Problem 3 - Transforming random variables

Problem 3a)

This problem is to be done after Lecture 6.

Let \(X \sim \mathrm{Normal}(\mu = 0, \sigma^2 = 1)\). We are now interested in the distribution of \(Y=\exp(X)\). Obtain the distribution for \(Y\) by simulating 10000 draws. Plot a histogram with 100 bins.

Problem 3b)

Use the method of transformation (Section 6.4 in the course book) to show that the probability density for \(Y\) is given by

\[ f(x)=\frac{1}{\sqrt{2\pi}x}\exp\Big(-\frac{1}{2}(\log(x)-\mu)^2\Big) \]

Overlay a plot of this density in the histogram from Problem 3a).

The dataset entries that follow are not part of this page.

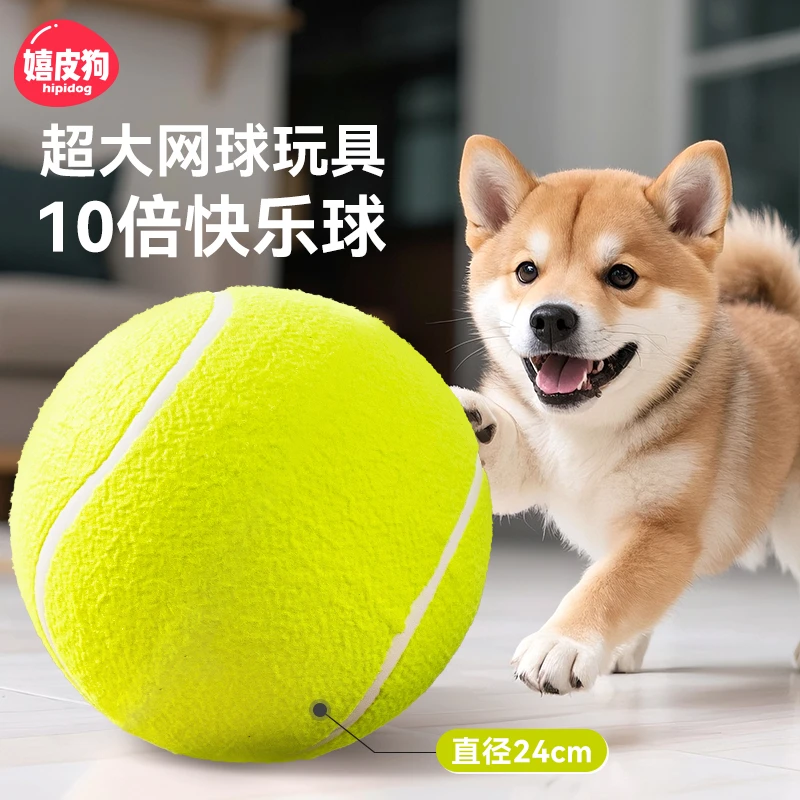 [达人]超大网球狗狗玩具球自嗨解闷逗狗狗宠物球耐咬消耗体力3523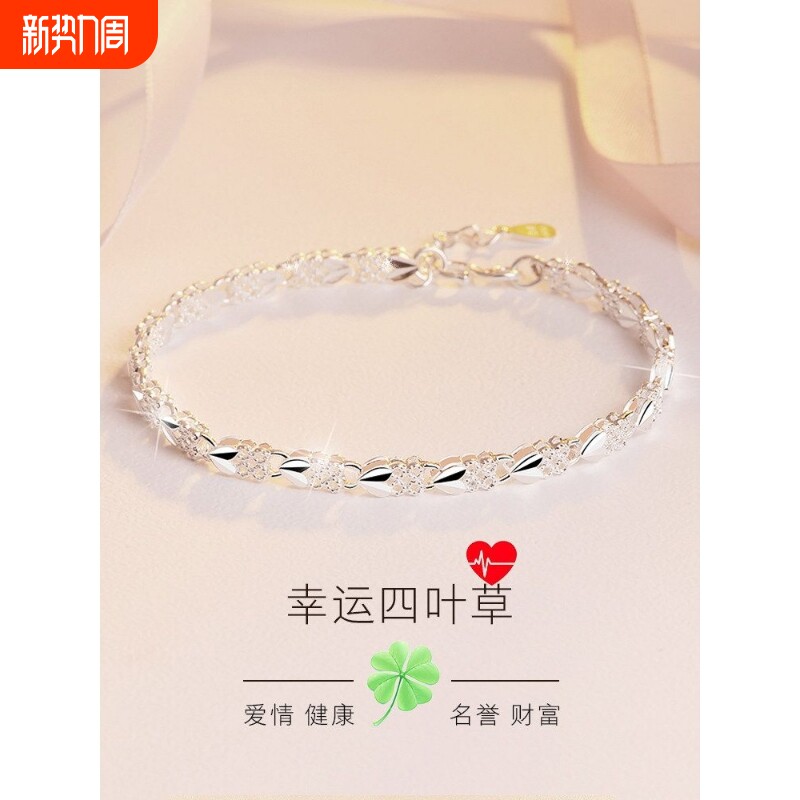 【幂琳】四叶草手链女生款轻奢小众精致手镯首饰品生日礼物送女友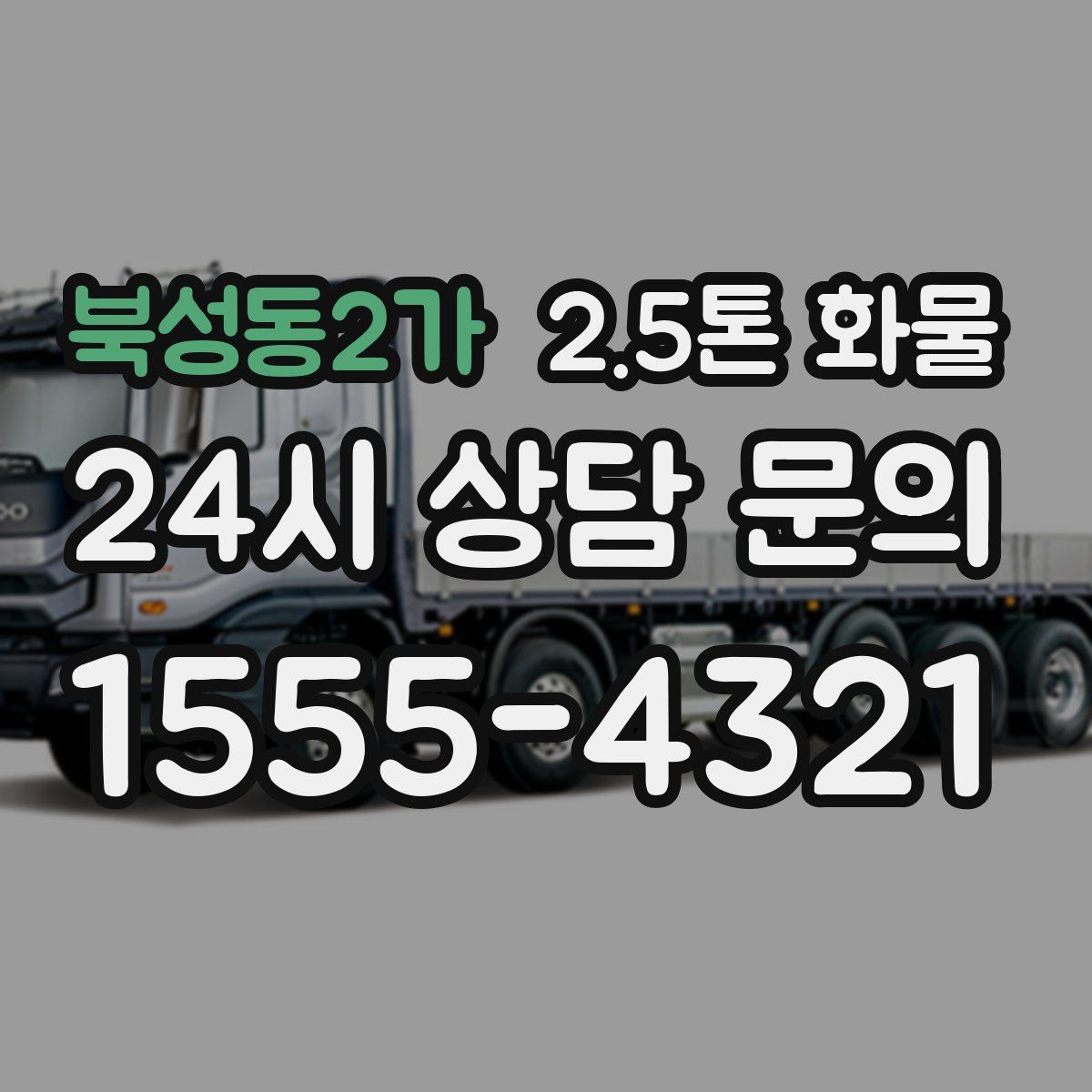 북성동2가 2.5톤 화물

[hint: you can use LaTeX to write math in Quarto file (Google it), but it is also OK to just do the math on paper, take a photo and include the photo]

Problem 3c)

Use (Monte Carlo) simulation with \(m=10000\) random draws to estimate \(\mathrm{E}(Y)\), where, as before, \(Y=\exp(X)\) and \(X \sim \mathrm{Normal}(\mu = 0, \sigma^2 = 1)\). Check the convergence of the estimate by plotting the sequential Monte Carlo estimates for increasing Monte Carlo sample sizes of \(10,20,30,\ldots,9900, 10000\). Does the estimate seem to converge (settle down) to the true expectation, which happens to be \(\mathrm{E}(Y)=\exp(\frac{1}{2})\)? [How do I know that this is the true expected value? See this: https://en.wikipedia.org/wiki/Log-normal_distribution]